Start of MATERIAL FOR THIS TASK

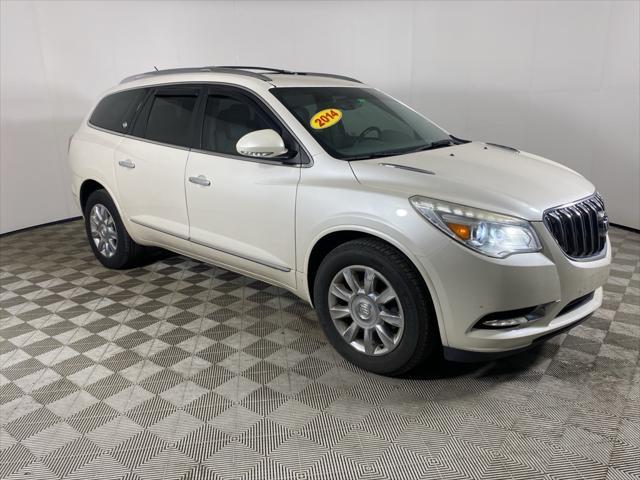 2014 Buick Enclave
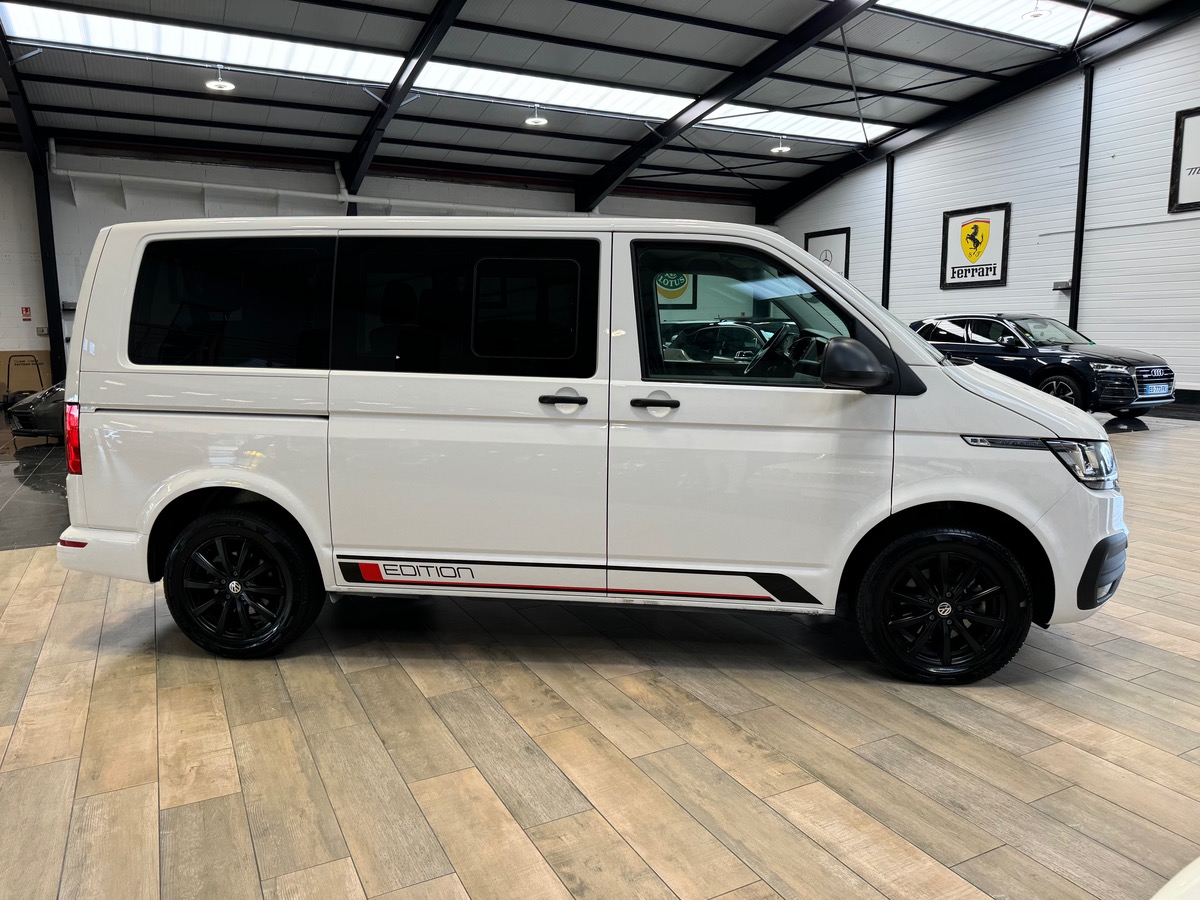 Volkswagen Caravelle T6.1 150ch 2.0 TDI DSG L1H1 9 places v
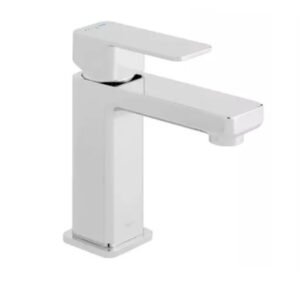 Vado Phase Mono Basin Mixer Tap Without Waste - Chrome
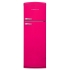 Vestel RETRO SC32111 Pembe 311 Lt Statik Buzdolabı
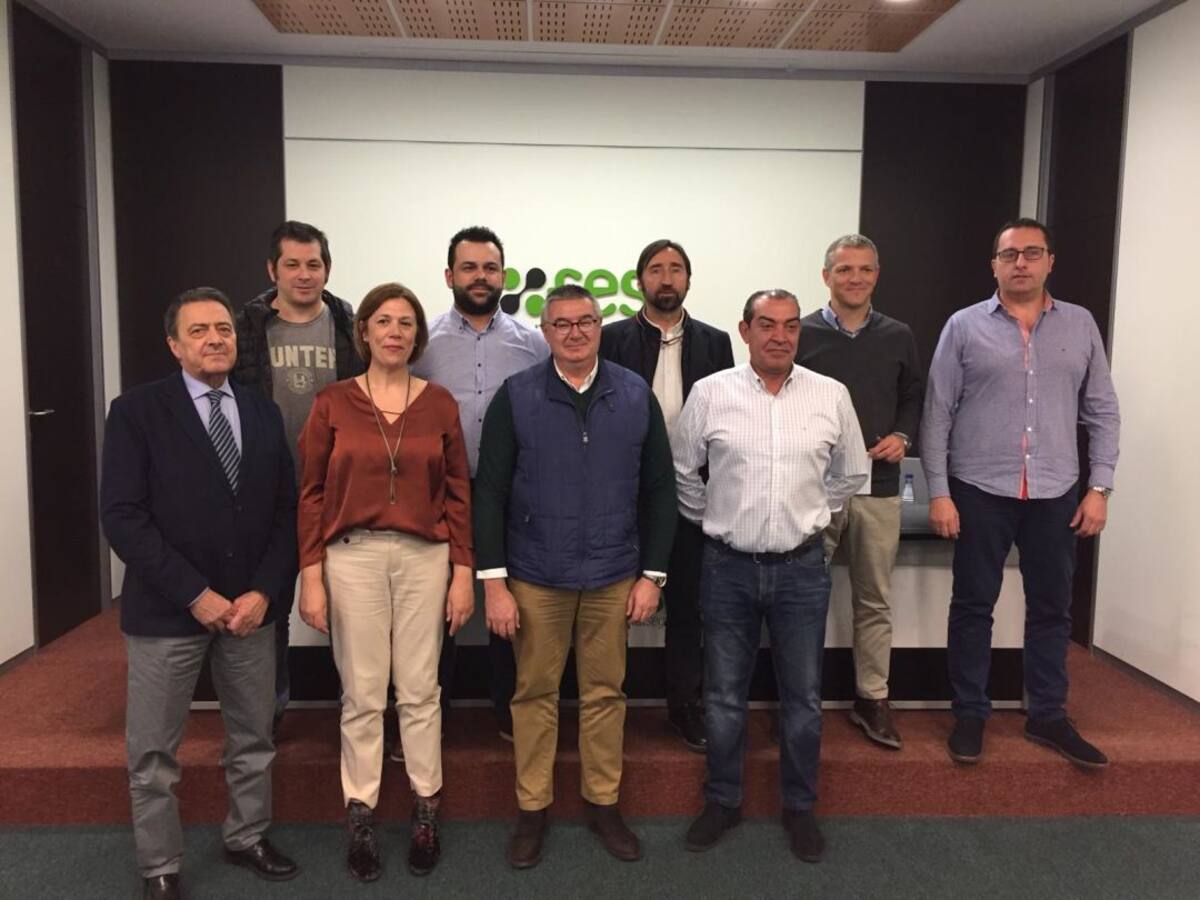 Roberto Moreno, nuevo presidente de los hosteleros segovianos
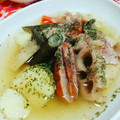 moto5th's cooksnap of when they made 根菜類の和風ポトフ☆圧力鍋で煮込むだけ.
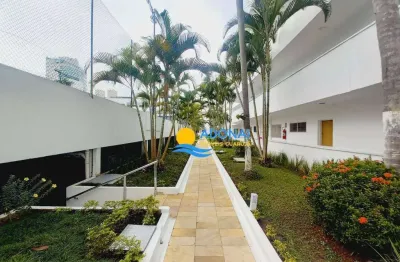 Apartamento com 2 dormitórios à venda, 65 m² por r$ 400.000,00 - enseada - guarujá/sp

End of MATERIAL FOR THIS TASK

§ **EXERCISE DESCRIPTION**:
Everything in the data above gets copied exactly. Only the pictures are skipped.

§ **SOLUTION TO THE EXERCISE**:
 2014 Buick Enclave
 Volkswagen Caravelle T6.1 150ch 2.0 TDI DSG L1H1 9 places v
 Vado Phase Mono Basin Mixer Tap Without Waste - Chrome
 Vestel RETRO SC32111 Pembe 311 Lt Statik Buzdolabı
 Roberto Moreno, nuevo presidente de los hosteleros segovianos
 moto5th's cooksnap of when they made 根菜類の和風ポトフ☆圧力鍋で煮込むだけ.
 Apartamento com 2 dormitórios à venda, 65 m² por r$ 400.000,00 - enseada - guarujá/sp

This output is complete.